Professor MD Anderson Cancer Center Houston, United States
Introduction: High-Risk Smoldering Multiple Myeloma (HRSMM) patients (pts) have a median time to progression to symptomatic multiple myeloma of < 2 years. Phase 3 randomized trials of lenalidomide (LEN) and LEN-dexamethasone have shown a progression-free survival benefit in such patients. We here report the results of a planned interim analysis from a phase II trial evaluating the combination of isatuximab (ISA) and LEN (ISA-LEN) in pts with HRSMM (NCT04270409).
Methods: HRSMM was defined as per PETHEMA risk stratification (immunoparesis and ≥95% aberrant bone marrow plasma cells as measured by multiparametric flow cytometry). Patients were treated with ISA 20 mg/kg IV on days 1, 8, 15, and 22 of cycle 1, days 1 and 15 of cycles 2-6, and day 1 of cycles 7-30, with LEN 25 mg PO on days 1-21 every 28 days of cycles 1-6. The primary endpoint was overall response rate (ORR) after 6 months of ISA-LEN (Manasanch et al. ASCO 2023). Secondary endpoints were progression-free survival (PFS), defined as time from enrollment to development of symptomatic multiple myeloma (SLiM CRAB criteria), ORR at 18 and 30 cycles, and overall survival (OS). We here report efficacy and safety outcomes after 18 treatment cycles.

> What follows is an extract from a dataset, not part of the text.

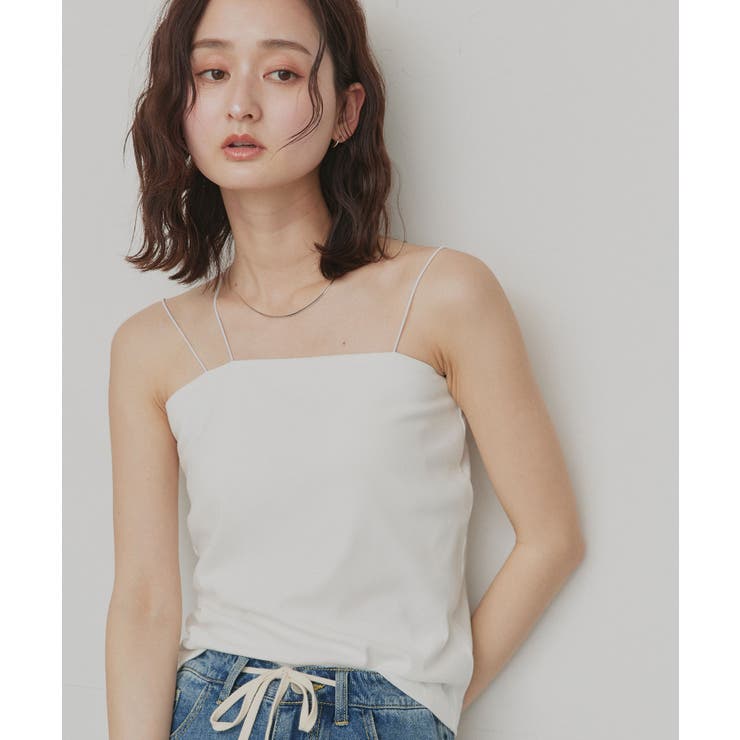 【2026SS新作】CICA配合 アシメストラップ カップ付きリブキャミソール | ad thie | 詳細画像8 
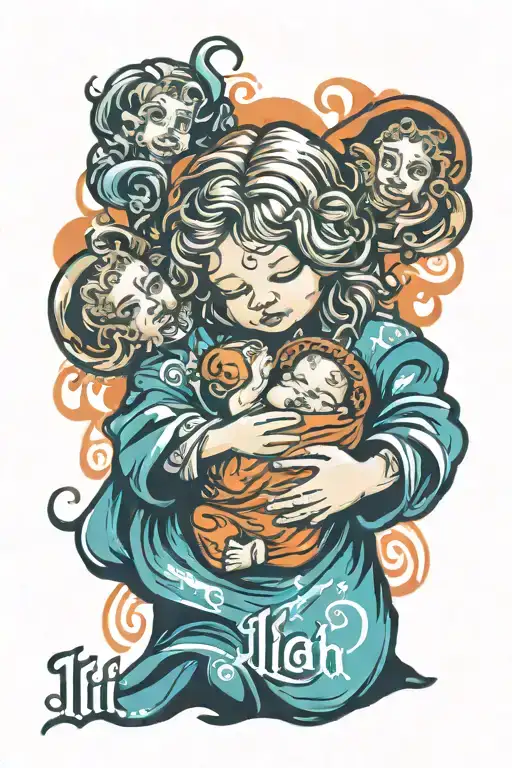 Lettering "Lilah" with Baby in Jesus in his hands tattoo design idea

Results: Between September 2020 and October 2022, 36 pts were accrued, of whom 33 were response evaluable after 18 cycles. ORR was 94% [stringent complete response 2 (6%), complete response 1 (3%), very good partial response 11 (33%), partial response 17 (52%)], and response depth improved in 12 patients (36.4%) between cycles 6 and 18. At data cut-off (March 2024), 2-year PFS was 97.1% (CI: 91.8%-100%). Median PFS has not been reached, and no patients have died. The most frequent (≥20%) hematologic grade ≤2 treatment-related adverse events (TRAEs) were leukocytopenia (69%), lymphopenia (58%), anemia (44%), thrombocytopenia (39%), and neutropenia (36%), while common non-hematologic TRAEs were fatigue (58%), diarrhea (53%), constipation (39%), nausea (28%), and peripheral sensory neuropathy (22%). The most frequent (³5%) hematologic Grade 3 TRAEs were: neutropenia (42%), leukocytopenia (14%), lymphopenia (14%), and thrombocytopenia (6%); grade 3 non-hematologic AEs included fatigue and rash (6% each). Only 1 patient had a grade 4 TRAE (neutropenia). No grade 5 TRAEs occurred on study, and no patients discontinued therapy due to AEs
Conclusions: ISA-LEN is a well-tolerated therapy for smoldering myeloma, with an ORR of 94% after 18 treatment cycles. Compared with the natural history of PETHEMA HRSMM patients (Perez-Persona et al. Blood 2007), treatment with ISA-LEN delayed progression to symptomatic myeloma. The results of this study support the ongoing phase 3 ITHACA trial evaluating ISA +/- LEN-DEX which has the potential to change the standard of care in HRSMM.